All the reasons for Gucci’s online successes are multiplied when you consider its exceptional visibility on search engines. Consider this: for all the time luxury brands spent arriving later in the game and figuring out their footing, Gucci has grown its site visits year over year, all the while improving their engagement metrics such as bounce rate, time spent on site, and page visits.
Then there is also good enough indication to suggest Gucci’s marketing approach has only put them further on top: their digital presence has certainly benefited from celebrity collaborations with Béyonce, Lady Gaga, Harry Styles (at this point, Harry is an unofficial, official Gucci ambassador).
Nailing the customer demographic also does wonders: when Gucci figured out their core customer demography is between the ages of 25 and 35, it could make far better use of its marketing dollars for an increasingly more targeted approach and a greater return. That’s exactly why, in addition to their commitment to an unparalleled web design user experience, Gucci counts on social media as an integral tool to their online fashion powerhouse.
With a keen understanding of the digital landscape and the millennial generation, Gucci’s been able to earn high engagement marks through an authentic and consistent narrative across every platform they utilize to express its brand image.
What Gucci is doing now is reaping the bountiful rewards of what Kering has sowed. None of what they’ve accomplished was done overnight, and it would be unwise to think that a high-end brand can do so. But through time and careful measures, Gucci has become the dominant force in luxury eCommerce.
Temporary hits caused by the pandemic have caused a toll on revenue. But on the brighter side of things, the pandemic’s ability to force everyone into considering eCommerce is why the conversation over digital experiences has become necessary. And it’s one of the biggest reasons why Kering is bullish on digital and says it will remain attentive not to cut initiatives that will bring growth, as they should.
Long-term, Kering cares about improving its eCommerce and delivery capabilities. There’s plenty of foundation Kering and Gucci have built thus far for their online user experience. Their doubling down on their strategy can only bring more fruit to bear.
What platform does Gucci use?
Gucci uses Powerfront and SAP Commerce Cloud for their eCommerce platform.
What content management system (CMS) does Gucci use?
Gucci uses Powerfront as its content management system (CMS).
What libraries and functions is Gucci utilizing?
Gucci utilizes AJAX Libraries, CloudFront, and Akami for its website.
Why is UI/UX important for eCommerce stores?

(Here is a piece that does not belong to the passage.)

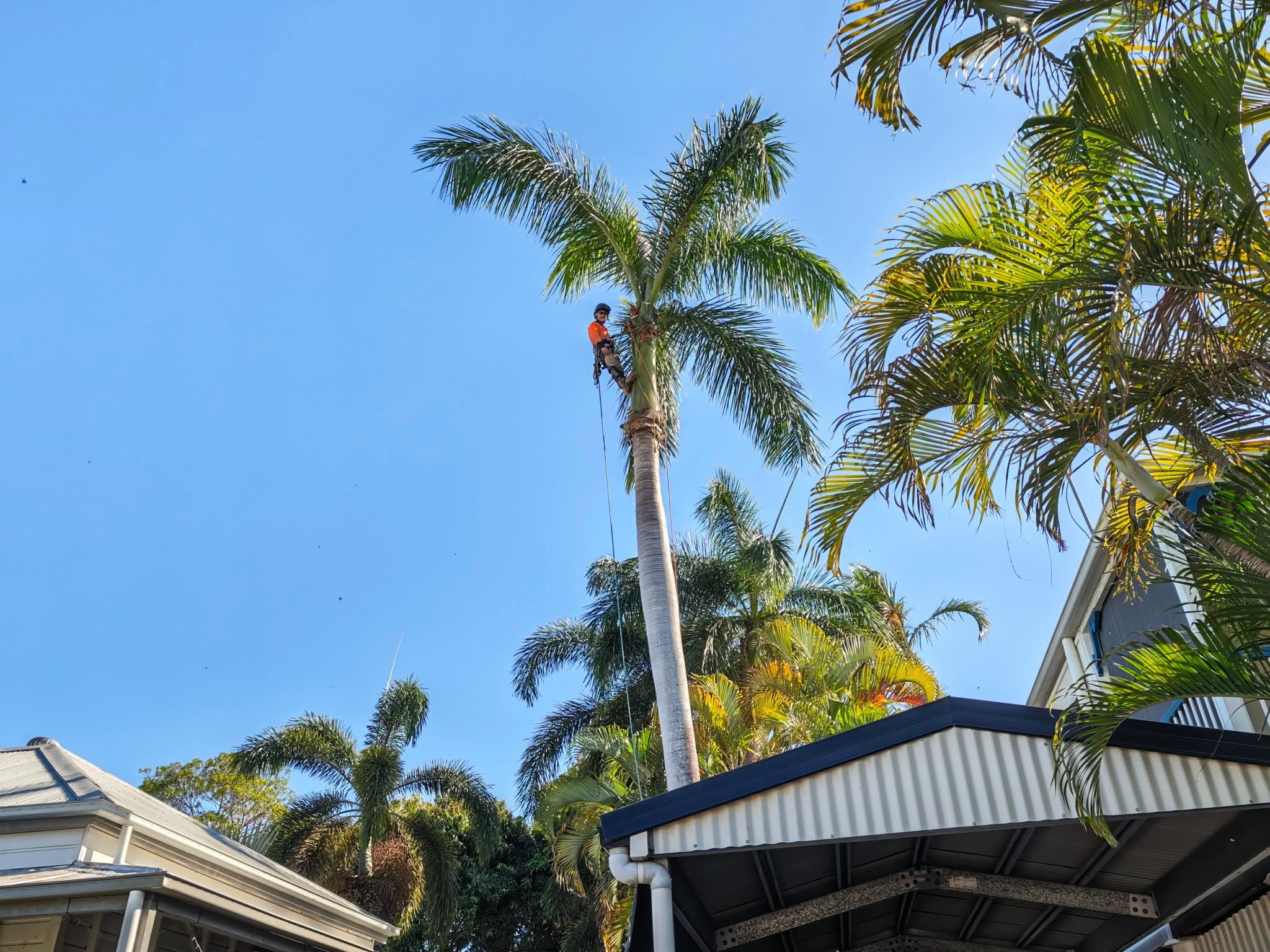 Palm tree maintenance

A good user interface (UI) and user experience (UX) is essential for any eCommerce store in that it helps browsers easily navigate a website for the sole purpose of making their customer journey easier to finish. Most importantly, an eCommerce store is a window into a brand’s image; the first impression a browser makes when coming across a shop can easily determine whether or not they will continue browsing and ultimately purchase something.
Why is eCommerce important for any luxury business?

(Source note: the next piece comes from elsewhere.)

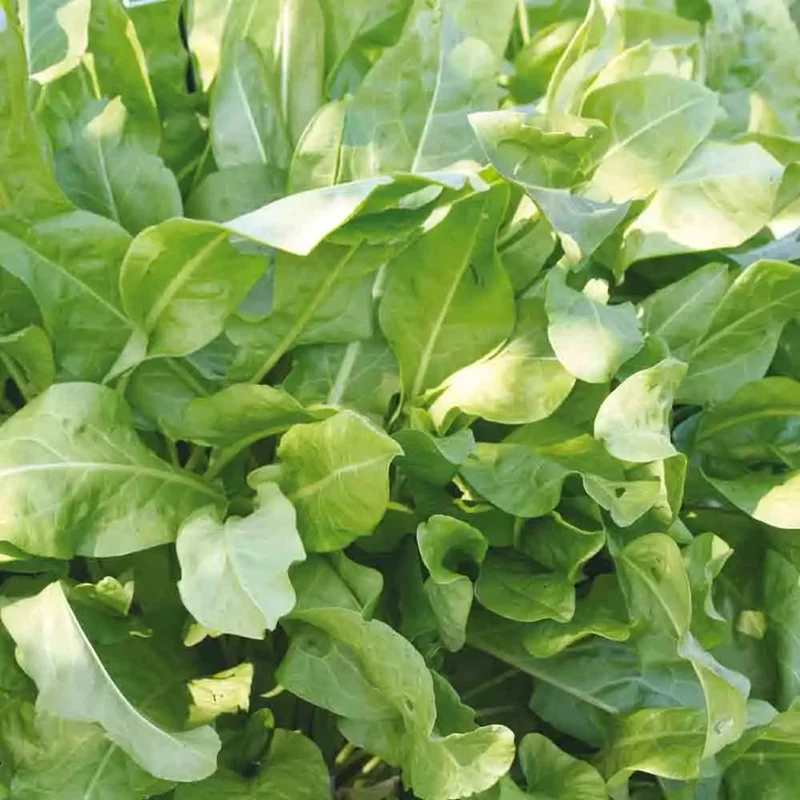 Oseille Large De Belleville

In the rapidly changing world we live in, it’s important now more than ever for brands to adapt to evolving consumer needs. And that includes meeting them where they are.
How is eCommerce different for luxury and nonluxury brands?
It’s not enough for luxury brands to have a branded site just to check the box off on eCommerce. Consumers today want an experience that matches the quality of a luxury product they purchase.